═══ Input records
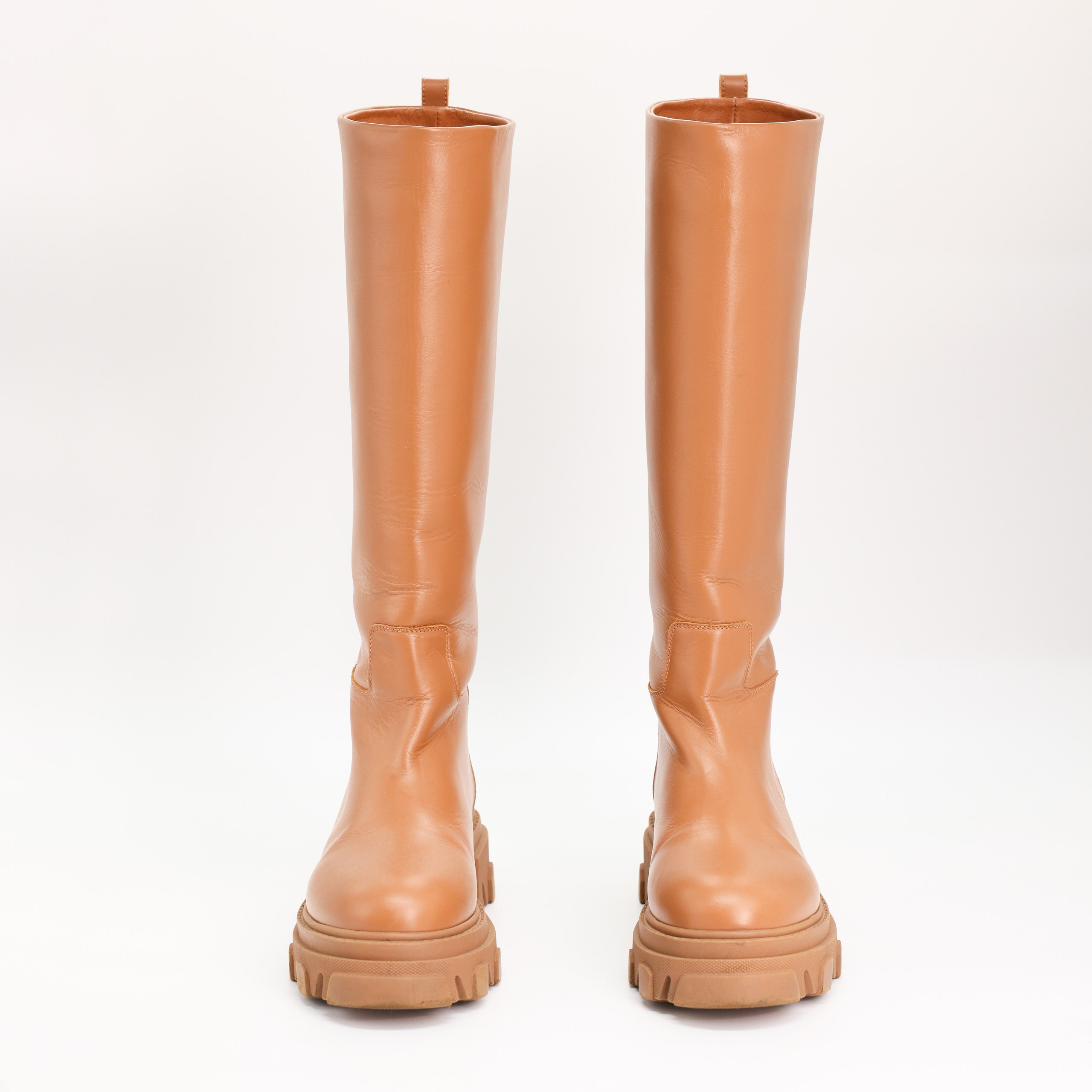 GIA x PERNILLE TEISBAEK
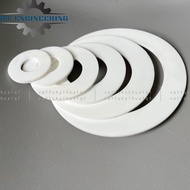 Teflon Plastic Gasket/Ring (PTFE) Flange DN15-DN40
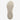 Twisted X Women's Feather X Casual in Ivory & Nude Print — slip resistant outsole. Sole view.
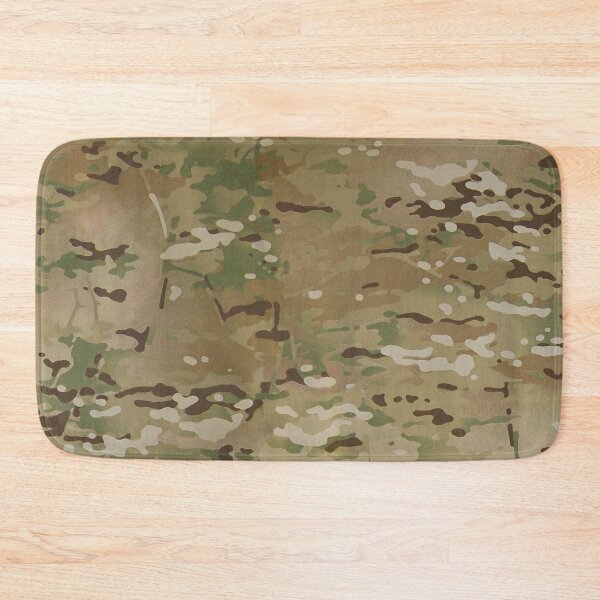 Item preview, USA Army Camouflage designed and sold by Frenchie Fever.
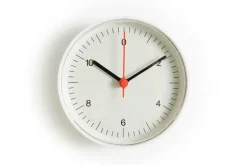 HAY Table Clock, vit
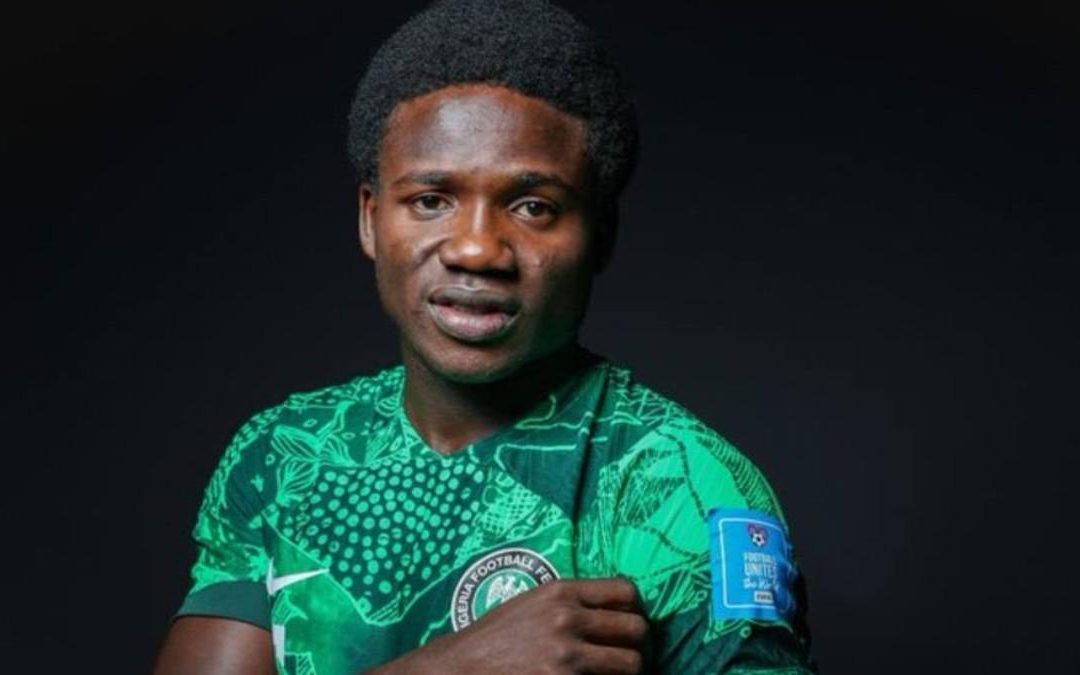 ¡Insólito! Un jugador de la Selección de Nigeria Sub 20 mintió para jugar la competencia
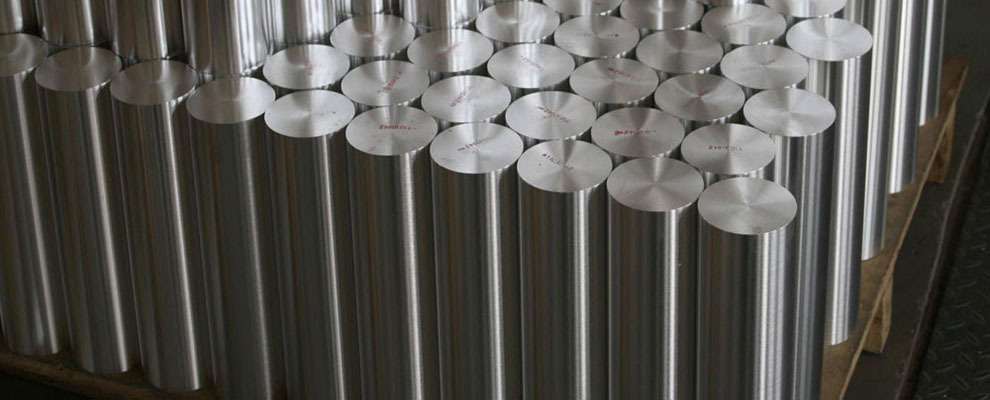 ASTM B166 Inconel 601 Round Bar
══════
> **What the task requires**
Take only the line containing "Item preview, USA" and every line after it to the end of the entries, and copy them exactly, pictures excluded.

> **Finished task**
 Item preview, USA Army Camouflage designed and sold by Frenchie Fever.
 HAY Table Clock, vit
 ¡Insólito! Un jugador de la Selección de Nigeria Sub 20 mintió para jugar la competencia
 ASTM B166 Inconel 601 Round Bar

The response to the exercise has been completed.